Wij Beatrix, bij de gratie Gods, Koningin der Nederlanden, Prinses van Oranje-Nassau, enz. enz. enz.

Allen, die deze zullen zien of horen lezen, saluut! doen te weten:

Alzo Wij in overweging genomen hebben, dat het wenselijk is de verplichtingen ten behoeve van de belastingheffing beter af te stemmen op verplichtingen van internationaal en interregionaal recht op het gebied van het verlenen van bijstand door Nederland aan andere staten bij de heffing van belastingen teneinde te bevorderen dat belastingschulden op het juiste bedrag kunnen worden vastgesteld en dat het ontgaan en ontwijken van belastingen wordt bestreden;

Zo is het, dat Wij, de Raad van State gehoord, en met gemeen overleg der Staten-Generaal, hebben goedgevonden en verstaan, gelijk Wij goedvinden en verstaan bij deze:

Hoofdstuk I. Inleidende bepalingen

Artikel 1

  • 1 De bepalingen van deze wet strekken ten behoeve van de nakoming van verplichtingen die voortvloeien uit richtlijnen van de Raad van de Europese Gemeenschappen en uit andere regelingen van internationaal en interregionaal recht tot het verlenen van wederzijdse bijstand bij de heffing van belastingen naar het inkomen, de winst en het vermogen, de heffing van belastingen van nalatenschappen en verkrijgingen krachtens erfrecht en schenkingen, alsmede de heffing van omzetbelasting en van accijns en de heffing op verzekeringspremies.
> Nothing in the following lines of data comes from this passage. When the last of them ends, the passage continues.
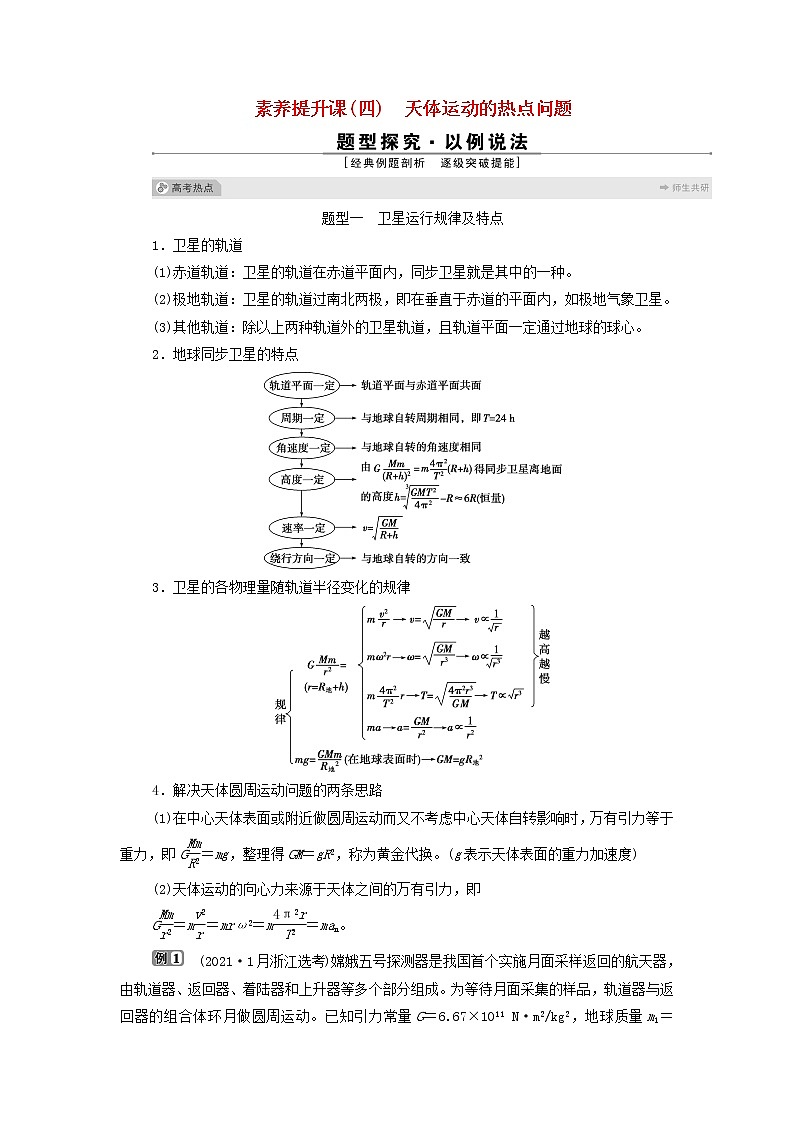 浙江专用高考物理一轮复习第四章曲线运动万有引力与航天素养提升课四天体运动的热点问题课件+学案01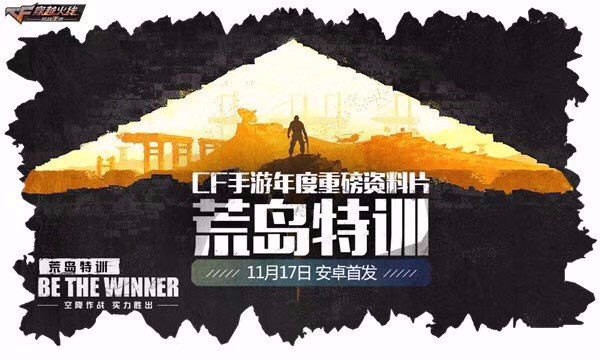 迎接未來，共享知識——正版資料免費公開的新時代來臨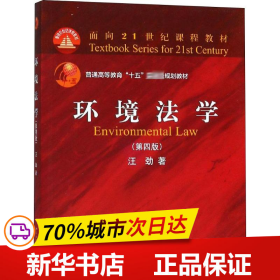 保正版！环境法学(第4版)9787301298640北京大学出版社汪劲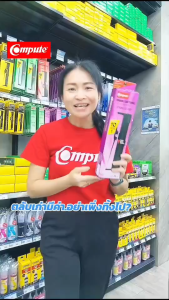 ผ้าหมึกรีฟิล Ribbon สำหรับเครื่องพิมพ์บิล เครื่องดอท Epson LQ-590 (LQ590) / LQ-590II /FX-890 รีฟิลยาว 14 เมตร ผ้าไนล่อนอย่างดี ออกใบกำกับภาษี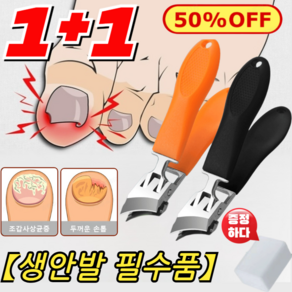 1/1+1 타임세일특가!! 생안발 전용 손톱깍기 빅 사선형 비산 방지 손톱깎이 대형 내성 발톱깍기 두꺼운 발톱깎이, [1+1]생안발 전용, 1개, 옐로우/블랙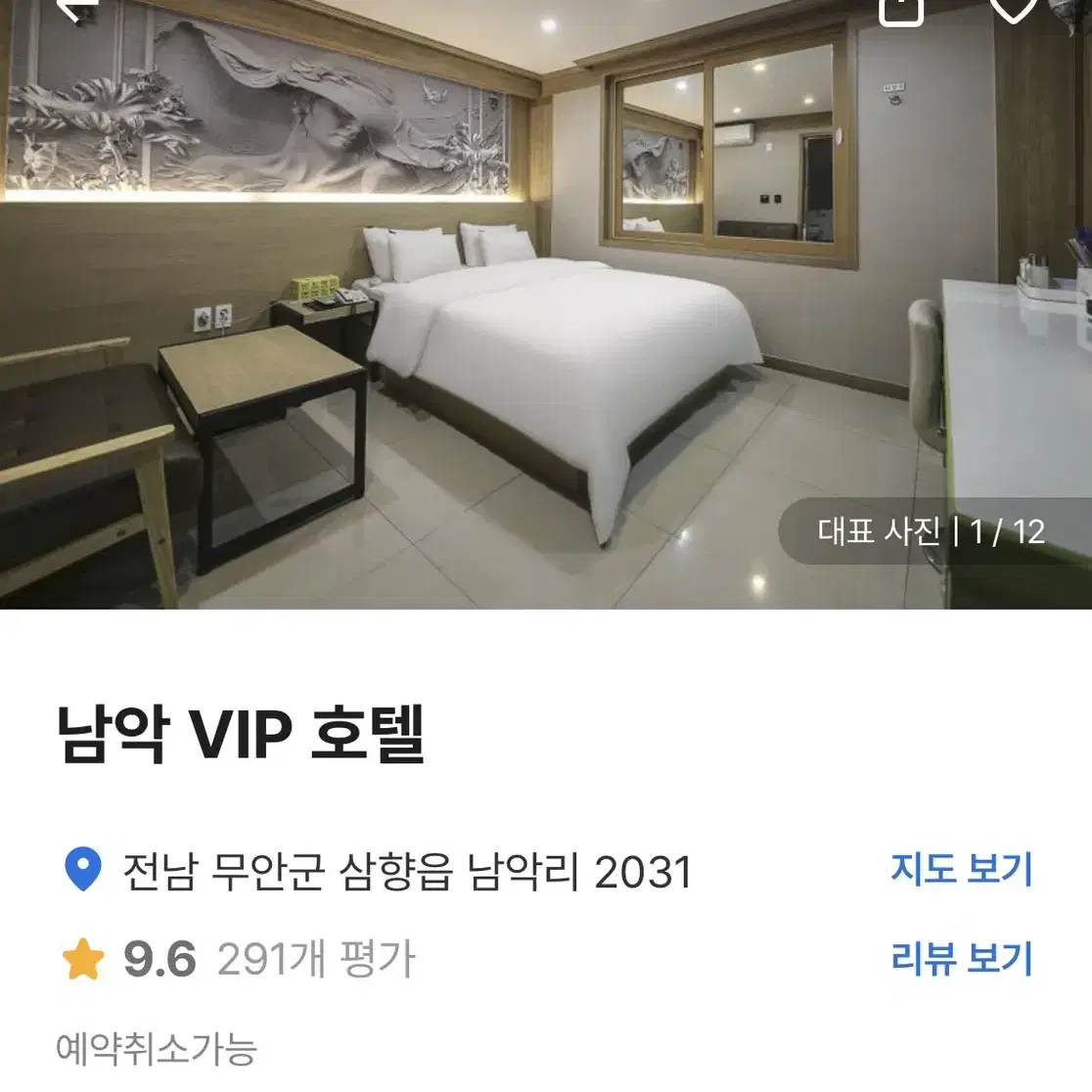 남악 vip 호텔 정가보다 싸게 양도합니다 (5.18~5.19)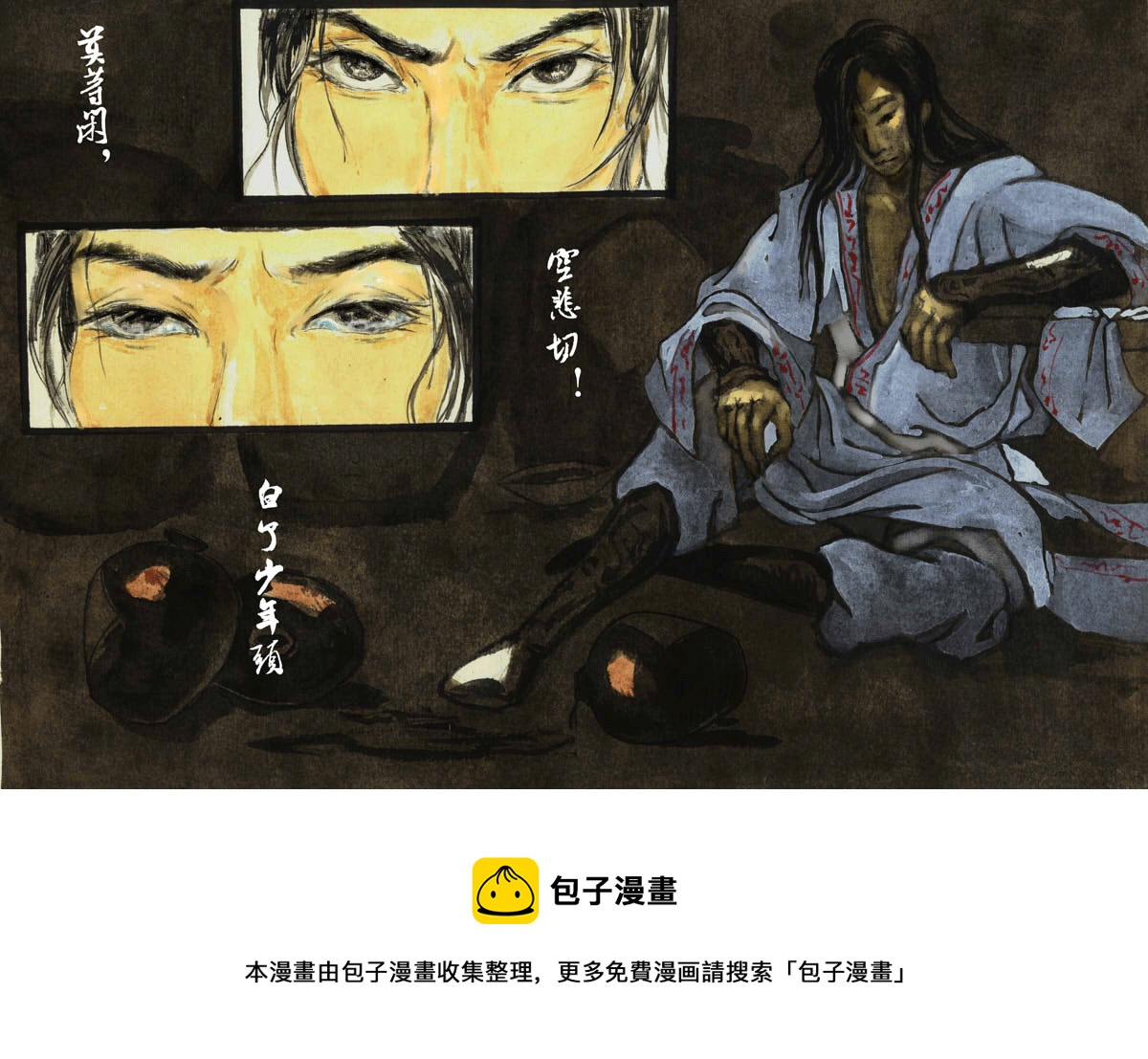 第三章 满江红（上）-第3话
  • 2 Deze wet is niet van toepassing op de samenwerking in het kader van artikel 19, zesde lid, van richtlijn nr. 92/12/EEG van de Raad van de Europese Gemeenschappen van 25 februari 1992 betreffende de algemene regeling voor accijnsprodukten, het voorhanden hebben en het verkeer daarvan en de controles daarop (PbEG L76).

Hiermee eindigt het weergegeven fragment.